Setahun kemudian Andrea sudah benar benar menjadi Andrea yang baru, sekarang ia seorang gadis yang penuh percaya diri yang tak gampang terintimidasi oleh orang yang tidak suka padanya, latihan yang dijalaninya selama ini pun telah memperlihatkan hasil yang sangat nyata, Andrea menjelma menjadi gadis semampai dengan sapuan make up tipis diwajahnya sebagai tampilan hariannya.
"Sekarang kakak hampir tak mengenal Andrea setahun yang lalu, kamu benar benar berubah dek" Kan Andra memuji perubahan Andrea yang sangat drastis, kak Andra baru melihat perubahan Andrea karena enam bulan belakangan ini, ia berada di negara lain untuk menggantikan papa mengurus bisnis yang ada disana.
"Aku hanya melaksanakan saran kakak, dan tekadku juga kuat, cukup aku selalu direndahkan dan dihinakan, aku gak peduli dengan para penjilat nanti bila aku sudah menampakkan diriku lagi, tapi jangan harap mereka tetap bertahan disampingku bila aku mengetahui muka dua mereka." semangat Andrea berapi api.
"Tapi jangan lantas menjadi penjahat dek" kak Andra memperingatkan
"Aku tau kak, aku memang berubah secara fisik, tapi untukm
sifat aku tetaplah Andrea yang sama, kecuali dengan orang orang yang songong sama aku." jawab Andrea.
Yah, maksud kak Andra adalah jangan karena Andrea telah berubah fisik maupun kehidupannya lantas menjadikannya cewek yang sombong dan suka balas dendam.
"Itu baru anak papa" sahut papa tiba tiba yang baru masuk dari halaman belakang
"Anak mama juga doongg!!" seru mama yang berjalan di elakang papa tak mau kalah.
Dan mereka pun tertawa penuh kegembiraan.
"Ma, Dre mau ke panti jenguk ibu dan adek adek, lama banget gak ketemu kangen, padahal dulu aku berjanji akan sering datang, tapi sudah setahun aku belum pernah jenguk kesana sekalipun" Andrea meminta ijin menjenguk ke panti.
"Kita semua akan kesana, mama juga lama banget gak ketemu mbak Rima, kangen." mama mengajak semua dengan antusias.
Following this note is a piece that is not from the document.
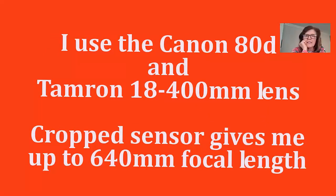I use the Canon 80D — it's a crop sensor camera — and I use the Tamron 18–400 millimeter lens, almost always at 400 millimeters. The crop sensor actually gives me up to 640 millimeters of effective focal length.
"Ok papa setuju, kamu gimana Dra?" tanya papa ke kak Andra
"Ngikut lah, Andra kan ambil cuti karena pengen bareng keluarga, lagian minggu depan Andra harus balik Aussie lagi, dah ditelpon sama asisten gak boleh lama lama ninggal kerjaan" terang Andra dan dapat sambutan tawa oleh keluarganya
"Hahaha, baru tau sekarang rasanya kan, hidup bos diatur asisten" papa tergelak dengan kehidupan Andra kini yang harus menjadi seorang workaholic.
......................
Semua telah bersiap melakukan perjalanan ke panti dimana dulu Andrea pernah tinggal, sebuah mobil van mewah telah menunggu di depan, segala keperluan yang akan mereka bawa telah dimasukkan semua kedalam mobil tak lama keluarga Abimana telah keluar dari rumah dan segera masuk ke dalam van, setelah semua masuk, driver segera menjalankan mobil itu ke tempat tujuan.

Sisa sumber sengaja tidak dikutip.